We are all familiar with the climate change scare narrative. Red coloured maps of the globe, polar bears stranded on ever diminishing ice floes, extreme weather events etc. When you read a climate change related article or scientific paper it nearly always opens with a statement underlining the severity of the situation facing mankind. What is usually lacking is perspective.
I am not interested in ‘expert’ opinion unless it is supported by empirical data and perspective. Selected sources must be reliable and have ample past data to encompass solar cycle variation. Ideally these data need to come from a region of the planet that is sensitive to global warming. What data from the world of paleoclimatology fit that criteria?
When snow falls, it contains a mix of oxygen isotopes. During warm periods, more heavy oxygen isotopes are found in the snow, while cold periods have more light oxygen isotopes. By analysing these ratios in ice cores, scientists can learn about past temperatures and climate conditions. The ice is laid down in annual layers which can be dated accurately. Consequently, we can construct an accurate temperature record where sufficient ice accumulation exists, such as in polar regions.
If anthropogenic climate change is a real threat, due primarily to the burning of fossil fuels, then we are expecting to see a clear rise in temperature above and beyond the normal variation. This was attempted and published by Michael Mann et al. and is widely known as the hockey stick graph. The main problem with this graph is that it was constructed using 12 sets of proxy measurements which included three sets of ice core data. The ice core data went back only 500 years and the remaining extrapolation relied on tree ring data. There was considerable uncertainty of measurement which was highlighted in his original paper (Figure 1), and a period of 1,000 years provides us with limited perspective in relation to the impact of solar cycles.
Note the light grey area is an estimate of the uncertainty of measurement and extrapolation.
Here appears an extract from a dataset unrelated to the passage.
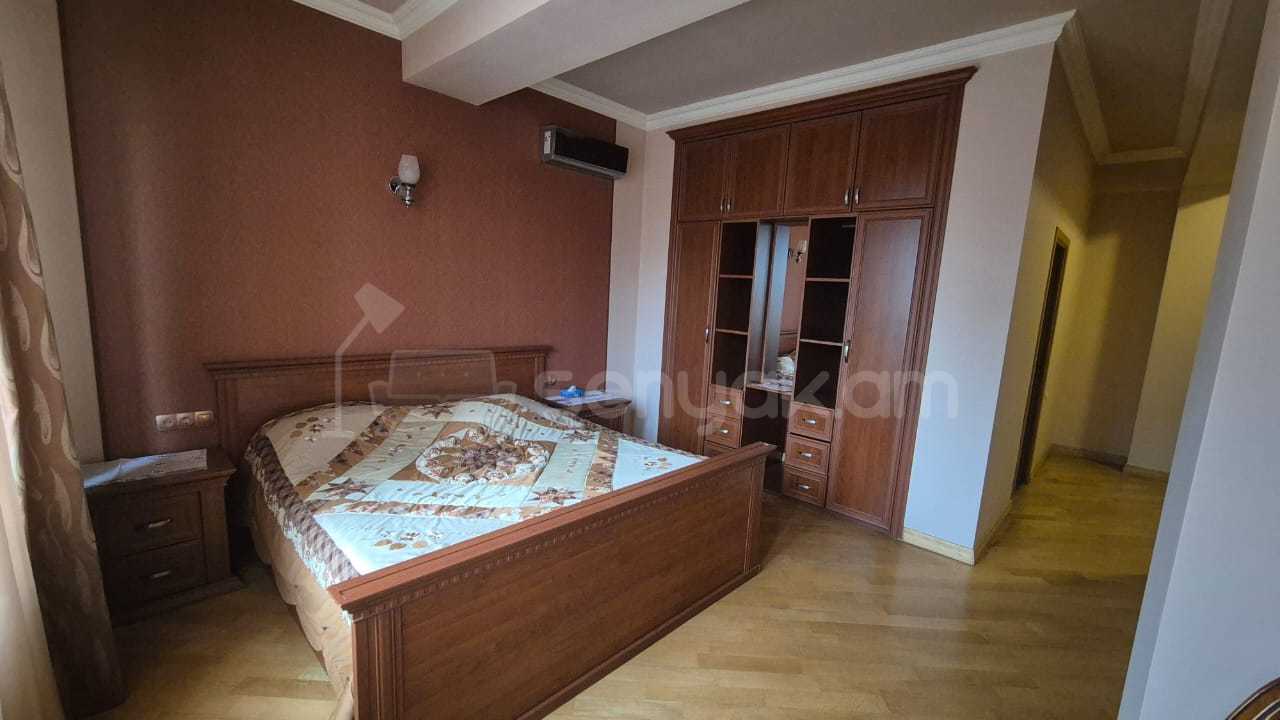 8 Սենյականոց Շքեղ Առանձնատուն, 640քմ, Կահավորված, Լողավազանով, Ավտոտնակով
There seems to be a dearth of records that provide temperature proxies for recent times that are relevant to the sudden rise in carbon dioxide levels (1860 to current). However, I did locate data from two overlapping periods from Renland peninsula in Eastern Greenland. The two studies that reported the results from these ice core measurements had quite different themes. The first, which covered the period from 1960 to 10,000 BC, commented on the high temperatures in the Holocene period and the impact on the ice sheet. The second covering 1801 to 2014 examined local site variability. The creation of these datasets was a gargantuan effort. It remains a mystery why these papers did not comment on the temperature trends or indeed try and link the two datasets. Below is a graph combining these two isotope ratio data sets (Figure 2). The black line (far right) is the key as it is a 20 year rolling average of the more recent dataset (brown dots). The first dataset (blue dots) has data points every 20 years, so this rolling average enables a more valid comparison.
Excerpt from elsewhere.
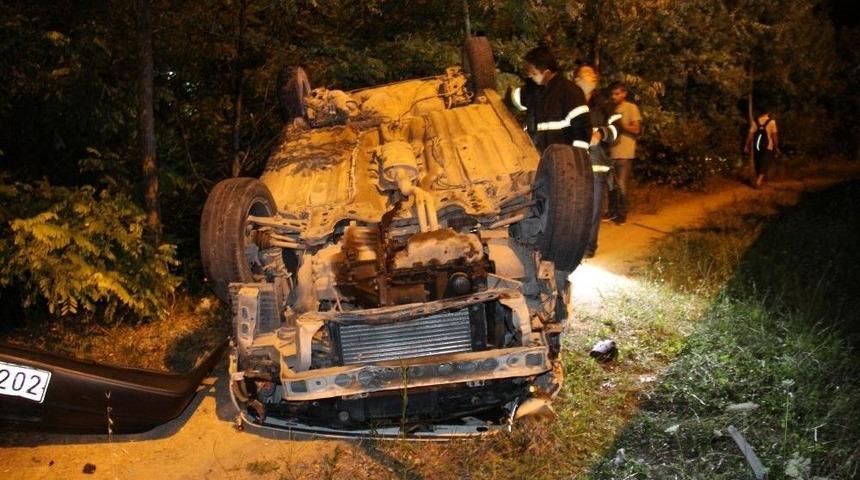 Otomobil 5 Metrelik Duvardan U&ccedil;tu:1 Yaralı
These data tell us we’re in one of the coldest spells in the approximately last 9,000 years. Was the only way up? Virtually all global records indicate a steady warming in recent times. I have added green lines to help visualise the ‘normal’ variation in the last 9,000 years. Clearly recent warming is within this normal variation.
I have added another graph (Figure 3) with linear trend lines to each of the datasets to demonstrate how important perspective is in assessing climate change. If we take the trend from 1801 to 2014 (purple dashed) and compare it with that from the last 10,000 years (green line) it seems alarming. But from the longer trend the reader can see that variation in both sets of data is quite normal.
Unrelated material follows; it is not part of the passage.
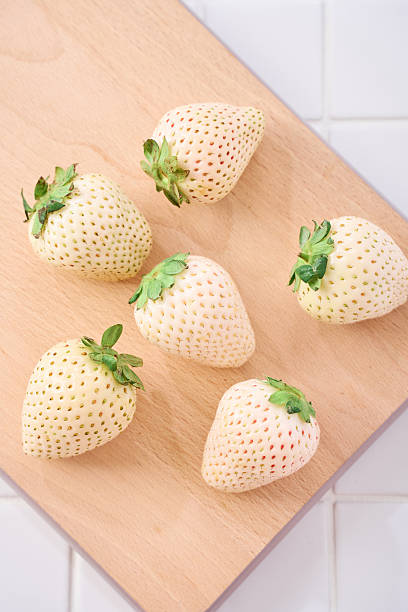 White Strawberry “Milky Berry” from Japan
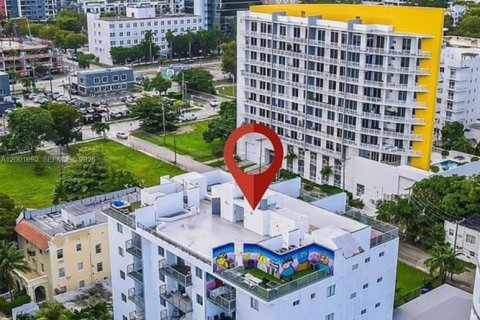 Кондоминиум с 1 спальней в Майами, Флорида № 2065531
There is also a serious lack of agreement between the Mann hockey stick graph (Figure 1) and these data. It should be borne in mind when making this comparison that the Mann graph attempted to reconstruct temperatures in the Northern Hemisphere whereas the data I have cited here are from a specific area of Eastern Greenland.
The next graph (Figure 4), focusing on the overlap period (1800 to 2014), provides the degree of validity of aligning these two datasets. There appears to be excellent correlation when comparing the black and red lines, implying the data are good proxies for temperature.
In summary, these data indicate there is no significant global warming signal coming from one of the most sensitive parts of the planet. Any warming may be latent, but this seems to be a bit of a stretch.
This absence of a signal could be explained by the fact that the relationship of carbon dioxide to global temperature is logarithmic and above a certain concentration there is minimal direct impact relative to solar cycles.
There are many climate scientists who have devoted their lives to saving mankind but unless these data are invalid, they need to return from the chill winds of the polar regions. Is it game over for the climate change scare narrative?